After that, i began to notice how selfish my behavior was, and made efforts to appear less selfish, but only so far as I could without interfering with what I wanted.  When I realized that I was basically not willing to change it, I accepted that I was innately selfish, and therefore a bad person, pretending to be good.  
I don't know if that's changed at all in recovery.  I definitely think of myself first, and do service because I'm aware that it somehow improves MY recovery.  I can't be healthy without reaching out and helping others, so I do...after I've taken care of myself.  And I know that's how it's supposed to work.  Fasten your own oxygen mask before helping others with theirs.  You can't give away what you don't have.  but I still feel like a jerk.  I wish I could say I was taking care of myself first so that I could serve some higher purpose for others, but that's really not at the forefront of my mind.  I'm helping myself, because that's what I instinctively think about first.  Me.  me me me me me.  Oh wait, I'm having trouble taking care of me.  I better do something for others so that I can be healthy enough to get back to what's really important.  ME!  What a freakin' jerk!  and I know.  that's not a nice way to talk to myself.  it's not like I respond well to that anyway.

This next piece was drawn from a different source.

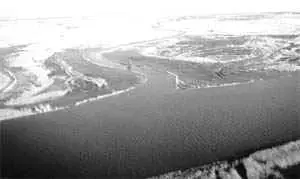 img1.jpg (6051 bytes)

sigh.  I do have to remember not to get so caught up in the black and white thinking that I'm either good or bad.  I am selfish, but let's be fair.  I also feel really good when I can do something to help my friends.  In fact, it's only a very small percentage of the time that I help someone because I feel obligated.  Most of the time, I get really excited about being able to make a difference in someone else's life.  I would like to get a part time job where I could do more of that, but I'm not sure how.  I've always liked the idea of being a personal trainer, and that's something I'm already qualified for.  It's just that I have such a hard time taking the initiative to go looking for that sort of job when just that much effort in the direction of my career would probably book be a few jobs right off the bat.  Sometimes I feel like I use ED and recovery as an excuse to be lazy - to neglect my responsibilities.  
So what's the solution?
I guess....
I need to pray for the willingness to take initiative, the insight and awareness to see the way of my highest good, the responsibility to choose that path, whether I like it or not, and to be relieved of the bondage of self.  Going with the flow doesn't just mean sitting back and coasting aimlessly.  It means finding the rhythm of life and the universe.  It means letting go of control when things are progressing smoothly on their own.  It means accepting the things I can not change, but keeping my eyes open for new opportunities so that when they arise, I have the awareness and the courage to seize them.